先日、山寺にお参りに来られた女性とお話してとても感動した。

その方は私と同年代の方だったがお寺が好きでいろんなお寺を気ままに巡っておられるのだという。

その方は以前、電車の中で仏教の入門書を読んでとても感動されたことがあったそうである。
その本には<この世には何も存在しない>と書かれてあって、それを読んだときにその方は実は自分の抱えていた悩みそのものも存在しないということに心が震えるような感動をされたのだという。「電車の中から見た風景まで覚えています」とその方は言われた。

私自身も何かに感動すると不思議と回りの光景を覚えていることがあって、この方の感動が実感として伝わってきた。

私たちが確固として存在すると思っているものは実は決して確固たるものではなく、それどころかその存在は曖昧であり、さらにはもともと何も存在していない…

仏教を一括りにすることは難しいが、仏教の根本の思想にはそうした存在否定の感性がある。
言い換えると私たちは大いなる錯覚の中で生きているということになるのかもしれない。

(仏教の関する誤解のひとつとしてお釈迦様はあの世や霊魂の存在を否定されたという方があるが、実は霊魂やあの世だけでなく、この世も私達自身も存在していないと言われたのだと思っている)


だがこの感覚は私達の日常とは余りに遠いものである。
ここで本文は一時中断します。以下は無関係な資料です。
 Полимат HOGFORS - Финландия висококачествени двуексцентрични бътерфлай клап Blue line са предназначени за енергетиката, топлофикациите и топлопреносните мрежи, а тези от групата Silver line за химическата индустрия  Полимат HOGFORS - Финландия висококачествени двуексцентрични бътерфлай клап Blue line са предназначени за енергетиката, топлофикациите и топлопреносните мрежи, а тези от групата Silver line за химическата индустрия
私達にとって私達自身はもちろん、この世界も、悩みも、嫌いなあの人もまさに確固たる存在である。この乖離をどう埋めればよいのだろうか。

知識として<存在していない>と言うことは容易だが、自分に大きな不幸が起こったときにその不幸は存在していないと言い切れるだろうか。幸福の絶頂にあるときにその幸福は存在しないと言い切れるだろうか

存在していないことを感性として把握するというと不安的で、虚無的で、ニヒルな世界というイメージがあるが、そうではなくて、錯覚から目が覚めて真実の姿が見えたときに自分の想像を遥かに超えた素晴らしい世界に邂逅できるのではないだろうか。

私達はまさにそこを目指すべきなのではないだろうか。

ふとそんなことを考えた。

今日も雨が時折降る。相変わらずウグイスが鳴いている。そんな春の日の妄想である。